Solving difficult problems with software and hardware

Most underwater photographers use manuals, and help from friends to solve problems that crop up with photo editing software, operating system errors, or underwater camera systems. As a last resort they opt for technical support calls as many on-line technical help systems are poorly organized or just don't address the your specific problem. Once you finally reach a live body, their advice is usually far from satisfactory or sends you in another direction that makes the problem even worse.

Over the past few years we have abandoned all the help functions and tech support and now work with internet search engines to solve all of our problems. The key is that there is always someone out there who has already reported the problem and found a solution. Just type in the problem in your favorite search engine and you will be amazed at all the answers that pop up. Don't go with the first solution you find, instead read at least three that seem to make sense before proceeding. Backup your computer beforehand if the solution requires changes to operating systems. Type in a full description of the problem or the error message that appears and press the search button. If you don't get good results then simplify the question and try again. Below are some screen shots of some of the problems we have run into and how we handled them.

Our topside point and shoot camera worked fine for the first year we had it, but the lens froze when we turned it on. We typed in the search engine with "Lumix dmczs19 system error with focus" and the following web page came up with a solution that worked.



One of our older computers that we use for printing has CS2 Photoshop installed. One day the system stopped with the following error "CS2 hangs on reading global resources." We typed the error into the search engine and the following solution appeared which fixed the problem.


Next problem was with Dreamweaver CS5. Upon startup it froze on the splash page. We typed in "Dreamweaver hangs on startup," and the following solution appeared. We tried it and the problem was solved.
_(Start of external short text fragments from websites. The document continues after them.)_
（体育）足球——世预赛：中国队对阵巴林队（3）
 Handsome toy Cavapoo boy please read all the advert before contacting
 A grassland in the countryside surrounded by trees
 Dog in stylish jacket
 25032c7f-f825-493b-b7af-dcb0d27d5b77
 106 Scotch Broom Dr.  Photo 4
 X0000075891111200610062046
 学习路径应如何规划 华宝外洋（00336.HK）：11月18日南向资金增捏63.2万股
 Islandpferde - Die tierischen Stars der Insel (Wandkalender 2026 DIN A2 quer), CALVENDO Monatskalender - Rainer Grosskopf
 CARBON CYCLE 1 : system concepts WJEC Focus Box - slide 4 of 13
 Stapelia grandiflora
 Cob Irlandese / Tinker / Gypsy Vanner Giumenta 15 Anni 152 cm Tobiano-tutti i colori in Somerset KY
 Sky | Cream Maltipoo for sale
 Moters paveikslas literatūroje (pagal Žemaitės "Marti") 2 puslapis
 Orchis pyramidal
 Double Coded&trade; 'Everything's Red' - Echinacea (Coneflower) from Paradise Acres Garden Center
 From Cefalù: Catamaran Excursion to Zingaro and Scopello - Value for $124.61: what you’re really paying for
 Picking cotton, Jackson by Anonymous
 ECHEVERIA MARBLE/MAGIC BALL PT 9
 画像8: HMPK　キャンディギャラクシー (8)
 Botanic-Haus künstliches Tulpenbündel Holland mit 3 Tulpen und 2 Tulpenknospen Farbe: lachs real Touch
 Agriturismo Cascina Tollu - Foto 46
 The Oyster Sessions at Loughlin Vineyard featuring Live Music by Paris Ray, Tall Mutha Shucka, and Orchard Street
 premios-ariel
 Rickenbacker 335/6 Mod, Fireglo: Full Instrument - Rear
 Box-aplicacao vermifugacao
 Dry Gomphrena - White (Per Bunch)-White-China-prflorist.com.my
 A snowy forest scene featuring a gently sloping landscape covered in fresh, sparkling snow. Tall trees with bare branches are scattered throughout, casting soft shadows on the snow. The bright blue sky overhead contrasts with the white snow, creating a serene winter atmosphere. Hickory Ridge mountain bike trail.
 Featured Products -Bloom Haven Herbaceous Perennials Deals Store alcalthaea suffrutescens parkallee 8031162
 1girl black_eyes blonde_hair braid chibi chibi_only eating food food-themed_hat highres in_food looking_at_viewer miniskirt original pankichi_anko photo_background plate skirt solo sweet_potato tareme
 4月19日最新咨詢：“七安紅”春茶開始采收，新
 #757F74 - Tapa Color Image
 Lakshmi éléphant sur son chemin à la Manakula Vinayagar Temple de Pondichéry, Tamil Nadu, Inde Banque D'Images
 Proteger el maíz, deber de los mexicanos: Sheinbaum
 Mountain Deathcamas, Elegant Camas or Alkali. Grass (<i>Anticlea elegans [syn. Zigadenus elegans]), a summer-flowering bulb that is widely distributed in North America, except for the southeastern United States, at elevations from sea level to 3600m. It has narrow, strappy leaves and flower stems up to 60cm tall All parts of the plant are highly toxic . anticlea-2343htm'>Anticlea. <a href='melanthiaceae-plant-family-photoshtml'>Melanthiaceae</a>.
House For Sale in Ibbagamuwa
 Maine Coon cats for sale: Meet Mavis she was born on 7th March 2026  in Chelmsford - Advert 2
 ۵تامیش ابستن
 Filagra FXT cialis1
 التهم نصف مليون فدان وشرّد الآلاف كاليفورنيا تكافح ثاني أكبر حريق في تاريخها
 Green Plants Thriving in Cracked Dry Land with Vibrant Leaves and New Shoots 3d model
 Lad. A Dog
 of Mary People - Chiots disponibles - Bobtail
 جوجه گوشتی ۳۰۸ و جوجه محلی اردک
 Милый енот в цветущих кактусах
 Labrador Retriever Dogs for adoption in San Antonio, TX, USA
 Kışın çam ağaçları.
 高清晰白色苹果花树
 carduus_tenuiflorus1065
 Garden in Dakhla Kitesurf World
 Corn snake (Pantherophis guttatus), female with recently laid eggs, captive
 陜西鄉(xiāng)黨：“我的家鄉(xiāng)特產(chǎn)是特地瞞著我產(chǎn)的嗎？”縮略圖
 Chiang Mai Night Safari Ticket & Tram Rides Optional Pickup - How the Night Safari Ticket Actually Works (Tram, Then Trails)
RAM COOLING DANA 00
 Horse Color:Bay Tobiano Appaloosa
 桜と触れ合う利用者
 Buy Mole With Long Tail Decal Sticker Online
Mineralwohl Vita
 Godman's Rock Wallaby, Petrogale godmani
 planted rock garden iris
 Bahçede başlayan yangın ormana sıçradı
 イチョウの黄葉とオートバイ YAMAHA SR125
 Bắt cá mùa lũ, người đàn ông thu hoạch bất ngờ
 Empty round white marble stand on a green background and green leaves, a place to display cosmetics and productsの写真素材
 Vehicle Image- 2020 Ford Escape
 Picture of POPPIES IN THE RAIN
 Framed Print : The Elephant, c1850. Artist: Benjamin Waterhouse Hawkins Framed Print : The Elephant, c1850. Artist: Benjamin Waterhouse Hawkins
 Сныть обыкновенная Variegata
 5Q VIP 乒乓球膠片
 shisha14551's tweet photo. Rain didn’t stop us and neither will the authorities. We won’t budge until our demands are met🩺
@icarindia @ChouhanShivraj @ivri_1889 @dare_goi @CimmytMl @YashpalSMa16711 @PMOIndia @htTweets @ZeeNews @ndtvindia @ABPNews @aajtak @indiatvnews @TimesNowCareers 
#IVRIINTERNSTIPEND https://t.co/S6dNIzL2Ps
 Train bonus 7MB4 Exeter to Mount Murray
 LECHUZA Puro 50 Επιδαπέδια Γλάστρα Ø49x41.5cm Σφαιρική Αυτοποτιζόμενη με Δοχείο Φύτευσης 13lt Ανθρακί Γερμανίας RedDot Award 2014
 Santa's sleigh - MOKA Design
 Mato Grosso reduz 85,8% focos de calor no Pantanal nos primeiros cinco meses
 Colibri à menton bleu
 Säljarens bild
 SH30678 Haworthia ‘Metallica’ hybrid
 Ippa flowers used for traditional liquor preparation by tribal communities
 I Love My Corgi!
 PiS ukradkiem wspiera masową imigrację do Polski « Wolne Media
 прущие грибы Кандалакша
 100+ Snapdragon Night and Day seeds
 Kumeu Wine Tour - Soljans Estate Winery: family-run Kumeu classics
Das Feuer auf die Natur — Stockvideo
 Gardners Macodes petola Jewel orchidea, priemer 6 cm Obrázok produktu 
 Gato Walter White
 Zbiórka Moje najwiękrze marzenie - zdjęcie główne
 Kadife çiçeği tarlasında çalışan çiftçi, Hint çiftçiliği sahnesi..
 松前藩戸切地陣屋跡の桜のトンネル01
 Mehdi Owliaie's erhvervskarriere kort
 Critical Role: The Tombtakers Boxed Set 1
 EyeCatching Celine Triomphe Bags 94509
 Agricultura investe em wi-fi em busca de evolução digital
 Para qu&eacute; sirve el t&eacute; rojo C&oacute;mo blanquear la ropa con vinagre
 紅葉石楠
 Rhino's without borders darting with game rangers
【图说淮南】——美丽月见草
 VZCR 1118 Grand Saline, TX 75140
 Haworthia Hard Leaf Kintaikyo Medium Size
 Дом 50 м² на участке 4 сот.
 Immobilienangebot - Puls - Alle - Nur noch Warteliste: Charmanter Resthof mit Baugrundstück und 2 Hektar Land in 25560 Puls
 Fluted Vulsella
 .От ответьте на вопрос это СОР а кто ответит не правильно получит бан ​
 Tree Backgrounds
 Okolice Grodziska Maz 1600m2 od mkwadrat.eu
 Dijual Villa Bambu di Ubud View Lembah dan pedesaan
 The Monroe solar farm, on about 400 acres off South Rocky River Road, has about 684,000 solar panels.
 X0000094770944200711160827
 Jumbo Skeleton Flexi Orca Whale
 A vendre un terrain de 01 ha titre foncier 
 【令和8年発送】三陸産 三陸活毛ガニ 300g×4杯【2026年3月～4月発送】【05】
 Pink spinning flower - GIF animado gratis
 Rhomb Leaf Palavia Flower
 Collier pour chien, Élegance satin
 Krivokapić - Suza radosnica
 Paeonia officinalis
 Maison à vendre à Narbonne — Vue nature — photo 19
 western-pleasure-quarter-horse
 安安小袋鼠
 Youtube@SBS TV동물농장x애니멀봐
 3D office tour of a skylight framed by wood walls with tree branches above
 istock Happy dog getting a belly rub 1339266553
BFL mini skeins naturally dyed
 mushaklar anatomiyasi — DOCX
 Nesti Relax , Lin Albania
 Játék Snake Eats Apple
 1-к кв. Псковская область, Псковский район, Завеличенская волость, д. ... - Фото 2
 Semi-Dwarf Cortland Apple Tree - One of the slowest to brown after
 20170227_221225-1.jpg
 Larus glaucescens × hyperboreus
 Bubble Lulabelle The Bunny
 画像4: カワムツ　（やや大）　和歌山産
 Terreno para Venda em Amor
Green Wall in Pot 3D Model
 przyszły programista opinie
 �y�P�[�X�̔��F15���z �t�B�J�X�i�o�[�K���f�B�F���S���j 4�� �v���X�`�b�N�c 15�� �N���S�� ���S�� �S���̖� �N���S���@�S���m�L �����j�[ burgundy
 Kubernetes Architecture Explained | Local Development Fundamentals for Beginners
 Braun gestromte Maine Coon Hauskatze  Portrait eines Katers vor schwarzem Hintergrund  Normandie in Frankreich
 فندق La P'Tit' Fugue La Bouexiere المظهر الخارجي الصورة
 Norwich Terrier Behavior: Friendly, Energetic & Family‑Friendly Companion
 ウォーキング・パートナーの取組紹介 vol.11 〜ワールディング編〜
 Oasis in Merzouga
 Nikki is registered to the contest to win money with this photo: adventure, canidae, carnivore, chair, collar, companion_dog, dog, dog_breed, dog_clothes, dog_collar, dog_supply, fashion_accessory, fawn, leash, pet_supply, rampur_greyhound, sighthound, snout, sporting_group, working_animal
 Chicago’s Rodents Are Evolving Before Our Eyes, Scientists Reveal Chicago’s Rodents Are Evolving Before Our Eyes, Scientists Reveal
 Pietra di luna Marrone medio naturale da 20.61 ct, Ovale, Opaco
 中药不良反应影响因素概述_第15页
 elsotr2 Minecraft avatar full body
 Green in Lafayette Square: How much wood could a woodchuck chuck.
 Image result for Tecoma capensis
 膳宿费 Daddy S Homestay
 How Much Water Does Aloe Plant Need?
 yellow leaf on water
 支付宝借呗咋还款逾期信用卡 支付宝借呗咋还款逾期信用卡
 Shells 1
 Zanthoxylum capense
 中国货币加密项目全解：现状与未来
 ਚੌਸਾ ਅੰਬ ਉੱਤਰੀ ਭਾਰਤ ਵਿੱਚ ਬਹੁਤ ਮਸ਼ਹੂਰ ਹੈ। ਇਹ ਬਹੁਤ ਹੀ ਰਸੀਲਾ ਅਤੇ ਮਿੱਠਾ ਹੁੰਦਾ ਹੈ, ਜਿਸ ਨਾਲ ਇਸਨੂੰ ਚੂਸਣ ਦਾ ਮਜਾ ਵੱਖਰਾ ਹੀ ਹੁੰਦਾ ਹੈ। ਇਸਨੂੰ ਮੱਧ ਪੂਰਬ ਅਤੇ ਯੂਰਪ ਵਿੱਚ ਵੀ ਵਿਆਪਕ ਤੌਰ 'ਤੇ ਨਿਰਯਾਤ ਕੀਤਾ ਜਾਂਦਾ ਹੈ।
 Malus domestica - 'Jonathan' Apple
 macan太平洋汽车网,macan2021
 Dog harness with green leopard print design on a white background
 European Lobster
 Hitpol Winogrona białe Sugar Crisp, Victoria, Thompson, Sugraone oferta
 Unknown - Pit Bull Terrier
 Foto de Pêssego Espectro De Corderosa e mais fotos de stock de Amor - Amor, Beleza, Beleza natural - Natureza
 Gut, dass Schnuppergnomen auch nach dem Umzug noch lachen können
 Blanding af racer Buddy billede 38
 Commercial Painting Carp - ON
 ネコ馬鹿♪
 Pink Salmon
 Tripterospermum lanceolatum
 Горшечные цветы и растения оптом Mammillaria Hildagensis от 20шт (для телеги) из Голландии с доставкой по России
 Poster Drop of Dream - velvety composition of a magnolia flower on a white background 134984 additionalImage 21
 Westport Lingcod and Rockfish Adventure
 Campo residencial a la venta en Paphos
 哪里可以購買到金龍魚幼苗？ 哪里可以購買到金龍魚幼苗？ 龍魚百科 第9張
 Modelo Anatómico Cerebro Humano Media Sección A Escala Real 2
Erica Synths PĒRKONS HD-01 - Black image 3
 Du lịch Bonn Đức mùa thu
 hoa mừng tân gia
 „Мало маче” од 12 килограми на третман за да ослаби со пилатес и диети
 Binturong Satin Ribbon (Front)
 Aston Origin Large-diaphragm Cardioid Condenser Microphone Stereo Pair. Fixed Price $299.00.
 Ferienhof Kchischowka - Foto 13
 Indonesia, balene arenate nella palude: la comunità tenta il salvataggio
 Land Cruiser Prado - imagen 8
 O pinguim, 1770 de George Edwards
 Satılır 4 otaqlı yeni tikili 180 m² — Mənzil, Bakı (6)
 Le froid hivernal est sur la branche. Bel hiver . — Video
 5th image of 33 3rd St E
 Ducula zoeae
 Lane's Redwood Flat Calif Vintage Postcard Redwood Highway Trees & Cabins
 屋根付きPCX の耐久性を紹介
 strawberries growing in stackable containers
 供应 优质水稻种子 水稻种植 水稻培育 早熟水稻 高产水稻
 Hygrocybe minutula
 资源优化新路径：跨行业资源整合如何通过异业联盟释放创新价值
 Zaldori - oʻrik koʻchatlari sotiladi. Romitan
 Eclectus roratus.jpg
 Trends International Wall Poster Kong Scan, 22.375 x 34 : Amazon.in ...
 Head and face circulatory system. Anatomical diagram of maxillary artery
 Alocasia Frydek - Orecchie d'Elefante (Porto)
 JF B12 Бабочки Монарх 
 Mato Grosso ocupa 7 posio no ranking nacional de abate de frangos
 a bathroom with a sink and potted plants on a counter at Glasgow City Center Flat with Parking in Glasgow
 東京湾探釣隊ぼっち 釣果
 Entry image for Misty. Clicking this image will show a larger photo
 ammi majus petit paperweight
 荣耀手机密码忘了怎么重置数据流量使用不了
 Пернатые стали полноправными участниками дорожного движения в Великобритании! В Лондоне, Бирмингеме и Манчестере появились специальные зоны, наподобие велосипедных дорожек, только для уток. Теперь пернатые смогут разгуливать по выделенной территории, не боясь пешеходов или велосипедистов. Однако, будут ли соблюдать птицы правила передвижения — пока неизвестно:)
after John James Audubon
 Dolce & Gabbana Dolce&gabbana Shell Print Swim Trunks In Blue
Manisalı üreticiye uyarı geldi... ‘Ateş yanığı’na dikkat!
Finally a recent problem with CS6 Premiere Pro was driving us crazy. One day everything worked fine and the next all the wmv. files loaded into the project bin with the top half of the video missing. We type in "Upper half of video file is missing." The following solution appeared and solved the problem. In this case a Microsoft update was the problem. It would have taken hours on the phone with tech support to fix this one, but the solution we used took three minutes.